Vibrio cholerae O1 epidemic variants in Angola: a retrospective study between 1992 and 2006

Romy Valia 1,, Elisa Taviani 1,2,, Matteo Spagnoletti 3, Daniela Ceccarelli 4, Piero Cappuccinelli 5, Mauro M Colombo 1,2,*
PMCID: PMC3842873  PMID: 24348465

Abstract

Cholera is still a major public health concern in many African countries. In Angola, after a decade of absence, cholera reemerged in 1987, spreading throughout the country until 1996, with outbreaks recurring in a seasonal pattern. In 2006 Angola was hit by one of the most severe outbreaks of the last decade, with ca. 240,000 cases reported. We analyzed 21 clinical strains isolated between 1992 and 2006 from several provinces throughout the country: Benguela, Bengo, Luanda, Cuando Cubango, and Cabinda. We used two multiplex PCR assays to investigate discriminatory mobile genetic elements (MGE) [Integrative Conjugative Elements (ICEs), VSP-II, GI12, GI14, GI15, K, and TLC phages] and we compared the profiles obtained with those of different reference V. cholerae O1 variants (prototypical, altered, and hybrid), responsible for the ongoing 7th pandemic. We also tested the strains for the presence of specific VSP-II variants and for the presence of a genomic island (GI) (WASA-1), correlated with the transmission of seventh pandemic cholera from Africa to South America. Based on the presence/absence of the analyzed genetic elements, five novel profiles were detected in the epidemic strains circulating in the 1990s. The most frequent profiles, F and G, were characterized by the absence of ICEs and the three GIs tested, and the presence of GI WASA-1 and the WASA variant of the VSP-II island. Our results identified unexpected variability within the 1990s epidemic, showing different rearrangements in a dynamic part of the genome not present in the prototypical V. cholerae O1 N16961. Moreover the 2006 strains differed from the current pandemic V. cholerae O1 strain. Taken together, our results highlight the role of horizontal gene transfer (HGT) in diversifying the genetic background of V. cholerae within a single epidemic.

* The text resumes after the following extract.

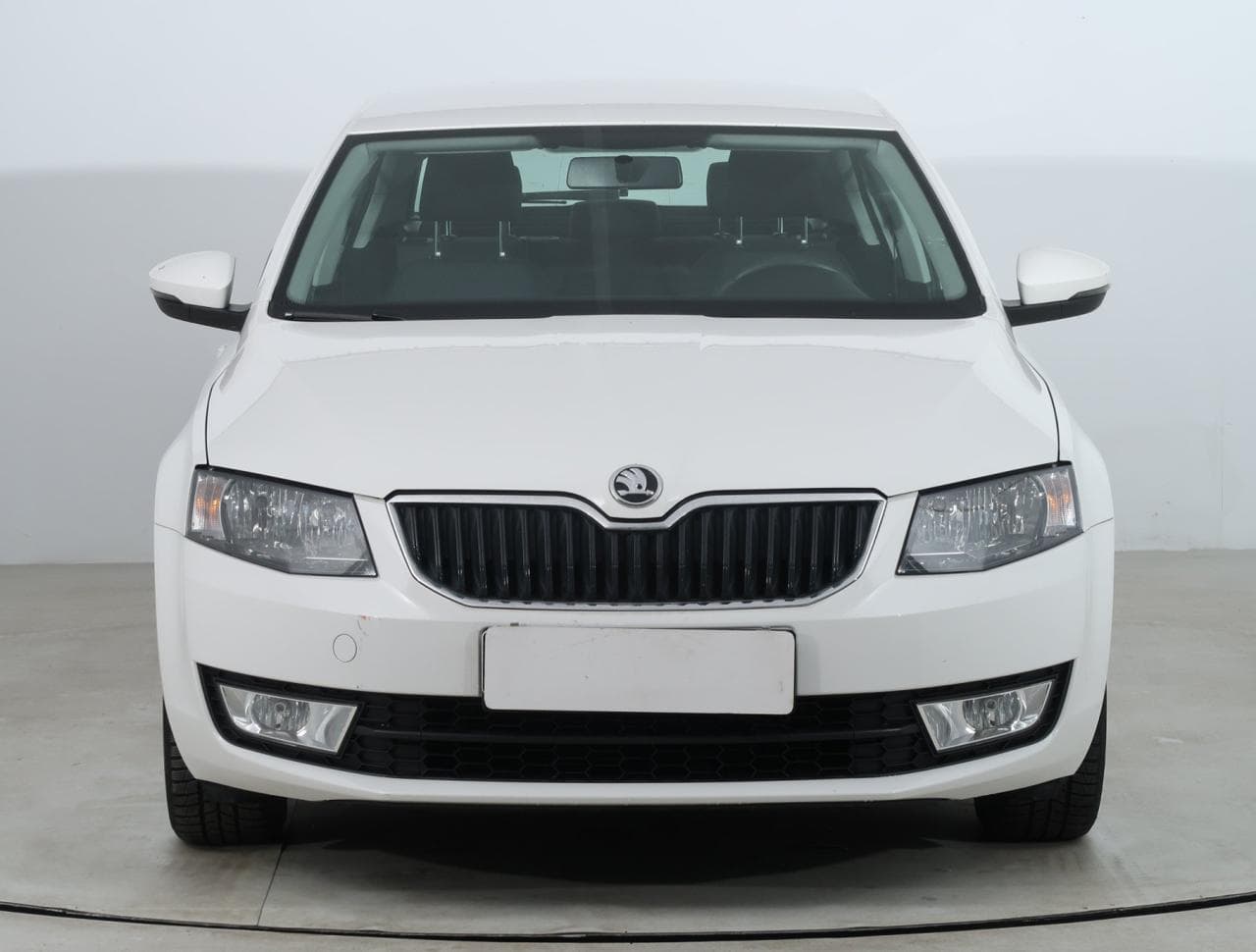 2015 Škoda Octavia - 3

Keywords: V. cholerae O1, Angola, mobilome, genomic islands, epidemic variants

Introduction

Vibrio cholerae, the etiological agent of cholera, a gastrointestinal infection, has been responsible for seven known pandemics with the seventh pandemic currently occurring. To date, over 200 distinct serogroups have been described, with only serogroups O1 and O139 associated with epidemic and pandemic cholera. V. cholerae serogroup O1 strains can be further classified in two biotypes, El Tor and Classical, based on differences in their phenotypic and genotypic traits (Kaper et al., 1995).

During the seventh pandemic several epidemic lineages of V. cholerae O1 El Tor have emerged. Most notable was the emergence, in 1992, of a new epidemic serogroup in India and Bangladesh, named O139 or Bengal, which initially displaced the local existing O1 El Tor strains (Faruque et al., 2003). Molecular analyses demonstrated horizontal gene transfer (HGT) as the mechanism by which V. cholerae O1 strains acquired the O139 surface antigen resulting in a new epidemic serogroup (Bik et al., 1995).

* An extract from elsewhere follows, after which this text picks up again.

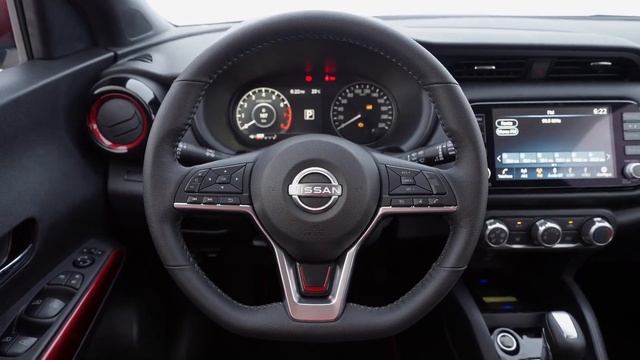 NISSAN KICKS X-PLAY 2024 смотреть онлайн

Subsequently, new variants of V. cholerae O1 with features of both the Classical and the El Tor biotypes have been repeatedly isolated in Asia and Africa and are collectively called “Atypical El Tor” strains. This group includes the Matlab types I, II, and III (Nair et al., 2002), Altered El Tor (Nair et al., 2006), Mozambique El Tor (Ansaruzzaman et al., 2004) and Hybrid El Tor strains (Safa et al., 2008).

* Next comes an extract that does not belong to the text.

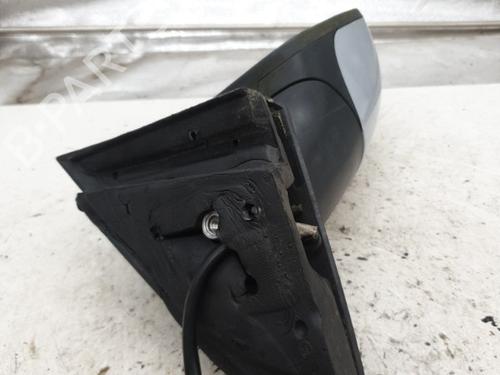 Right mirror SEAT IBIZA III (6L1) 1.4 TDI | BP22864344C27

Recent comparative genomics studies demonstrated that V. cholerae O1 strains circulating during the current seventh pandemic, which include prototypical El Tor strains, Atypical El Tor variants, and the O139 serogroup, belong to a single phyletic lineage named 7th pandemic clade (Chun et al., 2009). These variants are a result of HGT and slight divergence in strains from a common recent ancestor. Seventh pandemic El Tor strains are in fact characterized by a highly conserved genome background and different combinations of mobile genetic elements (MGE), referred to as the mobilome, such as Integrative Conjugative Elements (ICE), genomic islands (GIs), and prophages (Cho et al., 2010).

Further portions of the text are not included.